*** The input Section Begins ***
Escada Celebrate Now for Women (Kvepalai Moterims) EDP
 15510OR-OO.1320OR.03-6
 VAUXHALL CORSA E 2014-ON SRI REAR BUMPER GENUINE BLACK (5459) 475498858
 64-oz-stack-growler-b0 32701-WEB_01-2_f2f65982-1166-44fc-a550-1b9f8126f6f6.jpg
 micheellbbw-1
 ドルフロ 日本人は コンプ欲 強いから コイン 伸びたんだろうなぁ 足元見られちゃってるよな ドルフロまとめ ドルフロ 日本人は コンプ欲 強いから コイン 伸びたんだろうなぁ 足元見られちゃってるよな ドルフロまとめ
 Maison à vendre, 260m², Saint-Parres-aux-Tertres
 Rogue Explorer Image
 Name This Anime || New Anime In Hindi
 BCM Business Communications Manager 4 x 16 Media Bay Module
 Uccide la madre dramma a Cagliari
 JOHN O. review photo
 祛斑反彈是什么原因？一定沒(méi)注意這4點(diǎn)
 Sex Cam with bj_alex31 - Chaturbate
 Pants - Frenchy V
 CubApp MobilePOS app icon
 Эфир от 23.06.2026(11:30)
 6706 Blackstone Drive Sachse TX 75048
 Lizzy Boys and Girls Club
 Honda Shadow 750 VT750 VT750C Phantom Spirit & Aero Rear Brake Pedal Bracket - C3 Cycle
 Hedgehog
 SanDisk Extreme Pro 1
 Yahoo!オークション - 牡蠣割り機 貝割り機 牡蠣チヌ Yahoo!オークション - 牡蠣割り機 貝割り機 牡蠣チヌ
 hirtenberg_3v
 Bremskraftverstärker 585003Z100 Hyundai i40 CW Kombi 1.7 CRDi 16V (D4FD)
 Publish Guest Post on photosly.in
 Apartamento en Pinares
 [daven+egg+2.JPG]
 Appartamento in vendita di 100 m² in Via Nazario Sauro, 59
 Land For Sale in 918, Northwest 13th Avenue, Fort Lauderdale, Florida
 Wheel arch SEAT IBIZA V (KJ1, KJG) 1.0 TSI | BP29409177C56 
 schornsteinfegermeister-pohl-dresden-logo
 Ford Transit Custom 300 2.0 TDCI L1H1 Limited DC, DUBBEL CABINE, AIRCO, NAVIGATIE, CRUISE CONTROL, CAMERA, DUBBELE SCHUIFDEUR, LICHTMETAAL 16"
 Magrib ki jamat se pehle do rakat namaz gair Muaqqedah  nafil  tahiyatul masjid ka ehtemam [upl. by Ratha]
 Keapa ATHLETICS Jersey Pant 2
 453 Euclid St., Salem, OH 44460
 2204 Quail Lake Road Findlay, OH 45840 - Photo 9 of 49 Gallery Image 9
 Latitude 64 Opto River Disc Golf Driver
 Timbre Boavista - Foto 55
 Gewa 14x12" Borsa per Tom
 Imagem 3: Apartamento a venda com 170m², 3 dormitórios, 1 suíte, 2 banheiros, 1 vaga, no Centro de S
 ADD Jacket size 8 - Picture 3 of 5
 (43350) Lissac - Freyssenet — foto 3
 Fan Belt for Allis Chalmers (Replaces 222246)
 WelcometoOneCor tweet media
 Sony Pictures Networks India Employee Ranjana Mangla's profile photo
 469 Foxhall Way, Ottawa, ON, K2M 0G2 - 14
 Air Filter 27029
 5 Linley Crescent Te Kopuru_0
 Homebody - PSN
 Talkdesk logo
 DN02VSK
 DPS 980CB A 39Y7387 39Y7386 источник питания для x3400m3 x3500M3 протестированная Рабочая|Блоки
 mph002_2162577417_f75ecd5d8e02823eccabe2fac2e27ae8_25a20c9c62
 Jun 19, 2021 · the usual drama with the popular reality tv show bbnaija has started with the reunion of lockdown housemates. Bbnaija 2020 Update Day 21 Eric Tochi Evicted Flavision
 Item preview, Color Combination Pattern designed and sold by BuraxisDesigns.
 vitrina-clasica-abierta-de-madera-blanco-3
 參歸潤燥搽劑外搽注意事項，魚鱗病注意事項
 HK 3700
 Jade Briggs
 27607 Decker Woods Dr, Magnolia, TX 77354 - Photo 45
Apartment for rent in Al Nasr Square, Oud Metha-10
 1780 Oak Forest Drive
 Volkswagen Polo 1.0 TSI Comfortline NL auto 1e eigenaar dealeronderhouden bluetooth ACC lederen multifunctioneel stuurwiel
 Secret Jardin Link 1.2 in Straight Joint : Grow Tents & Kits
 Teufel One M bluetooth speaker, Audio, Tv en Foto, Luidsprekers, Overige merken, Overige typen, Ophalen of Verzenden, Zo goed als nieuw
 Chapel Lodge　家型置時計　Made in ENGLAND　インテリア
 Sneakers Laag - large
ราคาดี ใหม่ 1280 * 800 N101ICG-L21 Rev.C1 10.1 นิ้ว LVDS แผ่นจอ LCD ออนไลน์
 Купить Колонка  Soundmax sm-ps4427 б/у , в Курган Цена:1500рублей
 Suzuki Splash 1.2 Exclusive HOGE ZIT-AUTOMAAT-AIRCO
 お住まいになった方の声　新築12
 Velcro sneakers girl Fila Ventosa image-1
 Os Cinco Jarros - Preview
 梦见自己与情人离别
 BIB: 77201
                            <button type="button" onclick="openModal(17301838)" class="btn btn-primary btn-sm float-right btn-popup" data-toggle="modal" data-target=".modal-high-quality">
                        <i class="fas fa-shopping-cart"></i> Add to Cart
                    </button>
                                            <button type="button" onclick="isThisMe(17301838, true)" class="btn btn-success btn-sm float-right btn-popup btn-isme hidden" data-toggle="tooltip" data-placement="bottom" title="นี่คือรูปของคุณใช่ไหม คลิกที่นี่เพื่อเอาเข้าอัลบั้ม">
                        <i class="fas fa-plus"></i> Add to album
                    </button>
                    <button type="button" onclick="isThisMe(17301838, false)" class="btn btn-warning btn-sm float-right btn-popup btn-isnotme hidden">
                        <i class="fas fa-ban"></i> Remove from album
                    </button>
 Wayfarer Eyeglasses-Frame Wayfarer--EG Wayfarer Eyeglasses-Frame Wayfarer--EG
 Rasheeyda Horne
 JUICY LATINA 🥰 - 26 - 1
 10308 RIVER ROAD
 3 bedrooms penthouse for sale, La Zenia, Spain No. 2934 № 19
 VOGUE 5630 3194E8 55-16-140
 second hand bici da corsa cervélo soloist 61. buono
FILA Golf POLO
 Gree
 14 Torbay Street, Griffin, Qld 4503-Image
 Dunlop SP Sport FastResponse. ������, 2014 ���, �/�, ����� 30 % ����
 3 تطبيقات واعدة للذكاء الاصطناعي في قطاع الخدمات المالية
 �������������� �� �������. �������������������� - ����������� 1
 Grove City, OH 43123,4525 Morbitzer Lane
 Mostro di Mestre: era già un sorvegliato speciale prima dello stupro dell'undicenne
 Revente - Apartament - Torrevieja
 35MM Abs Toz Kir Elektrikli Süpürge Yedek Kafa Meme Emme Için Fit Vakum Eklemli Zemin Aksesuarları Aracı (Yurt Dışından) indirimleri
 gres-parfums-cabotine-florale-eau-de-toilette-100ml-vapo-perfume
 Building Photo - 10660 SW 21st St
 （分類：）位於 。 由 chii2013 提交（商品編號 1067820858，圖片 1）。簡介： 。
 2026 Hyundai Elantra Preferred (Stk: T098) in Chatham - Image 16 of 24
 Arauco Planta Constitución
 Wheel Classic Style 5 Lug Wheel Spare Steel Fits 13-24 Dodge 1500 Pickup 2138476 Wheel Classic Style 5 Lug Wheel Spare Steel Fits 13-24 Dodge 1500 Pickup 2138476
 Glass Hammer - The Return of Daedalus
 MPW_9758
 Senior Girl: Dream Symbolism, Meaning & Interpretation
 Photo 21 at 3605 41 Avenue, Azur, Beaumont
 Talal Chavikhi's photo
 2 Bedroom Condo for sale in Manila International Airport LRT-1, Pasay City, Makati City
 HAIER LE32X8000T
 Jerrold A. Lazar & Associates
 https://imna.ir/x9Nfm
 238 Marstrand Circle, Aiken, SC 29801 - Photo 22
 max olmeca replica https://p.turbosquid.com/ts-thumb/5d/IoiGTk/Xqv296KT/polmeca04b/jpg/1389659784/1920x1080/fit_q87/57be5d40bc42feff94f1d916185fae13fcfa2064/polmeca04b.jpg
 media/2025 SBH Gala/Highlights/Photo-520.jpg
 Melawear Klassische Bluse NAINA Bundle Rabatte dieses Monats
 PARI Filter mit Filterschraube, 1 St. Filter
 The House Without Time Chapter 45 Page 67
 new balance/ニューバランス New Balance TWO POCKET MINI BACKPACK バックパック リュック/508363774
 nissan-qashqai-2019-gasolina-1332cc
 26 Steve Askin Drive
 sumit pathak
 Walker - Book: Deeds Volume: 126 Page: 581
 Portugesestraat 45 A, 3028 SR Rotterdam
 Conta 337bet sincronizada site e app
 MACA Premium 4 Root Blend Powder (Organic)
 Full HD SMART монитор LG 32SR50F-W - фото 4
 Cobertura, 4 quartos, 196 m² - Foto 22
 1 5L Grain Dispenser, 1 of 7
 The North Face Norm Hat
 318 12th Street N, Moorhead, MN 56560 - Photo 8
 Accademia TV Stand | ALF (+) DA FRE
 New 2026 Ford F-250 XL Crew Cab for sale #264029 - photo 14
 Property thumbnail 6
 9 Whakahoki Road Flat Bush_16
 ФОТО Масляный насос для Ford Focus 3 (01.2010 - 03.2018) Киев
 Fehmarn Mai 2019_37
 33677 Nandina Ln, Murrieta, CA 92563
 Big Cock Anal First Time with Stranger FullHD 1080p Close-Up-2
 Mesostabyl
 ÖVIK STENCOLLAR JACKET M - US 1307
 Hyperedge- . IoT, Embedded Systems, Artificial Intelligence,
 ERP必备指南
*** The input Section Ends ***
Work to be completed>
Beginning of the records through the line with "Rogue Explorer Image": return that span exactly and stop there.

Answer>
Escada Celebrate Now for Women (Kvepalai Moterims) EDP
 15510OR-OO.1320OR.03-6
 VAUXHALL CORSA E 2014-ON SRI REAR BUMPER GENUINE BLACK (5459) 475498858
 64-oz-stack-growler-b0 32701-WEB_01-2_f2f65982-1166-44fc-a550-1b9f8126f6f6.jpg
 micheellbbw-1
 ドルフロ 日本人は コンプ欲 強いから コイン 伸びたんだろうなぁ 足元見られちゃってるよな ドルフロまとめ ドルフロ 日本人は コンプ欲 強いから コイン 伸びたんだろうなぁ 足元見られちゃってるよな ドルフロまとめ
 Maison à vendre, 260m², Saint-Parres-aux-Tertres
 Rogue Explorer Image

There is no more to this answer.